Since I started this blog 9 months ago (holy moly, has it been 9 months???), one of my biggest frustrations has been the photography. Prior to blogging, I honestly didn't put too much thought into photos. I took them (randomly and not very consistently), and then sometimes printed them. Done. I never stopped mid project to take step by step photos, or even really cared about the lighting or the composition. Once I started sharing projects though, I started to get really perturbed that I put so much into a project and the photos just weren't doing it justice. I also never thought we lived in a total cave until I tried to start taking decent photos of our rooms. Yes, apparently we live in a super dark house, where decent pictures are nearly impossible.
I was using a Canon Powershot until a couple of months ago. It was a mid-level point and shoot, and while it did take great pictures outside, it just didn't do well inside without a flash. I do still intend to use this camera every once and a while, when I want more than my phone but don't have the room (or extra hands) to carry around the DSLR.
Since I started blogging, I have tried really hard to not spend much money on the blog. I make pennies (if I am lucky) from this blog, so to spend hundreds and hundreds of dollars in the beginning just didn't make sense. I love doing it as a hobby, but it's not a good hobby if it starts costing me money. But, with that said, the one thing that I did think would make a huge difference around here were some better pictures. The camera I had just wasn't cutting it. I also justified that a new camera was more than a blog purchase. After I finished Fin's Year 1 photo book, I took a look at it and just wished that we had nicer, brighter photos of her. So, I took the plunge.
I did my research on DSLR cameras and decided that I would start with something entry level. I read a lot between the difference between Canon and Nikon, but to be honest it was all sort of greek to me.
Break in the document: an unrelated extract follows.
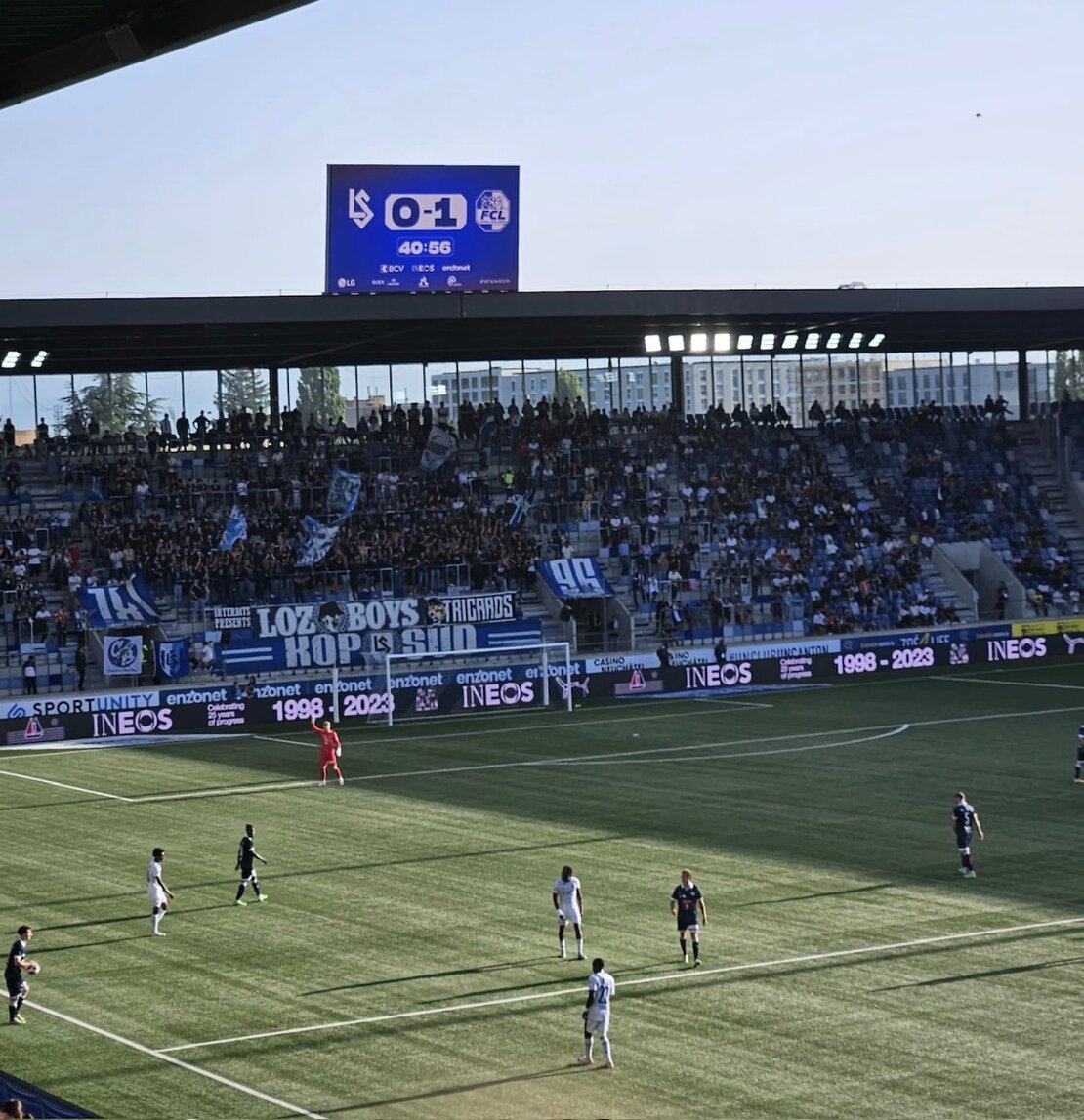 FCL-Fans mit Choreo im Heimblock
Then one day while Fin and I were reading flyers (she LOVES 'reading' flyers), I saw that Wal-mart was having a huge anniversary sale. The Nikon D3000 was $100 off, making it just under $300. Considering the same model is going on Amazon for around $450, $300 was my kind of price! I went the next day and picked one up (after going to 3 Wal-marts...apparently other people wanted one too!). The only thing that the D3000 doesn't have, that I did sort of want, is the ability to shoot video. I figured that I have an iPad and an iPhone that can shoot video though, so that's good enough for now. It did come as a kit with the 18-55mm lens.
Before I even took the camera out of the box, I decided that I wanted to learn it the right way. I wanted to learn how to shoot in manual mode before I even had the chance to get used to automatic mode. That way I wouldn't be tempted to give up learning and just fall back on auto.
I signed up the Photography 101 course through Shoot Fly Shoot (while they were having a 30% off sale - yay!) and watched all of the videos over the weekend. The course was awesome. I highly recommend it if you are wanting to stop using auto mode. It wasn't greek, which made me happy.
I can't say that it's been all rainbows and gum drops. I am really loving all of the learning and the cool things that I can do with the new Nikon, but I do get quite frustrated sometimes when I still can't get the lighting how I want, or I miss something funny that Fin is doing because I am too slow with the settings (or maybe she's too fast - that girl never stops!). But, I can say that I am so much happier with the quality of the photos for the blog. I still have so far to go, but at least now I have the equipment that can help me get there (and once I get a tripod and a 50mm lens I'll really have the equipment ).
Want a little example? Photographing the dip dyed stool I made in the summer was a big challenge for me. The gold dipped legs kept blending with the carpet, and the room was so dark that everything looked grainy. I thought it might be fun to do a little comparison show and tell. Here's almost the same shot with the old camera and the new camera (forgive me that I didn't haul out the knick knacks to style the chair again).
Here's the picture that I took with my point and shoot.
And here's the new camera on auto.
And the new camera on manual mode.
And the last picture edited.
Pretty big difference, right? I am tempted to re-photograph rooms that I've already shown you and switch out the pictures, but that would be a little too anal, so I will resist.
I also should note that I do edit almost every photo that gets posted here. I've tried a few editing programs over the past few months, including PicMonkey, Pixlr, Picnic (when it existed) and Picasa. The easiest program that I find to use though (and the most convenient) is the editor that's built in iPhoto. It allows me to adjust levels and colours, but isn't too complicated. I also export my photos out of iPhoto so that they batch watermark, instead of me having to watermark each one individually (like in PicMonkey). A version of Photoshop is on my wishlist for the future, but right now I am sticking to just learning the camera and not getting too involved in editing (my Mom brain can only handle one thing at a time).
I'll leave you with my favourite picture of Fin that I've captured with the new camera. It truly captures her. She is contstantly exploring and gets so excited with the small things (like the paint peeling off the deck). A good reminder to all of us to still get excited about the small things.